Comparison: Medical vs. Non-Medical Application
Feature | Historical Medical Use | Non-Medical Bodybuilding Use |
---|---|---|
Primary Goal | Treat specific conditions like osteoporosis or hypogonadism [1.4.4]. | Rapid and significant muscle and strength gain [1.4.2]. |
Typical Dosage | Low, clinically supervised (e.g., 5-10 mg/day) [1.4.4]. | High, self-administered (often 30-100+ mg/day) [1.5.2]. |
Duration | As prescribed by a physician for a therapeutic purpose. | Short-term "cycles" of 4-6 weeks to minimize liver strain. |
Legal Status | Formerly by prescription; now largely unapproved and illegal in the U.S. [1.4.4]. | Illicit purchase and possession is a felony in many places [1.6.2]. |
Primary Outcome | Modest therapeutic benefit with potential side effects. | Dramatic muscle growth accompanied by a high risk of severe health issues [1.5.3]. |
Significant Side Effects and Health Risks
The non-medical use of methabol at high doses is associated with a wide range of dangerous and potentially irreversible side effects.
- Hepatotoxicity (Liver Damage): As a 17-alpha-alkylated compound, methandienone is inherently stressful to the liver. Prolonged use or high doses can lead to liver damage, tumors, and a rare condition called peliosis hepatis, where blood-filled cysts form in the liver [1.5.5, 1.6.1].
- Cardiovascular Strain: It can negatively alter cholesterol levels by lowering HDL ("good") cholesterol and raising LDL ("bad") cholesterol. It also commonly causes water retention and high blood pressure, increasing the risk of heart attack and stroke [1.5.2, 1.5.7].
- Estrogenic Effects: Methandienone can be converted into methylestradiol, a potent estrogen [1.6.1]. This leads to side effects like gynecomastia (the development of male breast tissue), significant water retention (bloating), and increased body fat [1.6.1].
- Androgenic Effects: Despite being less androgenic than testosterone, it can still cause acne, accelerated male pattern baldness, and oily skin [1.5.2]. In women, it can cause virilization, leading to a deepened voice, body/facial hair growth, and clitoral enlargement [1.5.4, 1.6.1].
- Endocrine System Disruption: Use of methabol suppresses the body's natural production of testosterone.

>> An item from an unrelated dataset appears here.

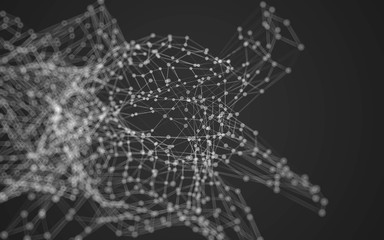 Abstract polygonal space low poly dark background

After a cycle, this can lead to testicular atrophy and infertility. Recovering natural hormone function can take months [1.5.4, 1.6.4].
Conclusion
While methabol (methandienone) once held a niche place in medicine, its uses have been rendered obsolete due to a high potential for harm [1.4.4]. Today, its primary application is in the high-risk, illicit world of performance enhancement, where users seek dramatic muscle gains at the cost of potentially severe and long-lasting health consequences, including liver damage, cardiovascular disease, and hormonal disruption [1.5.3, 1.5.5]. Its possession and use without a prescription are illegal in many countries, including the United States [1.6.2].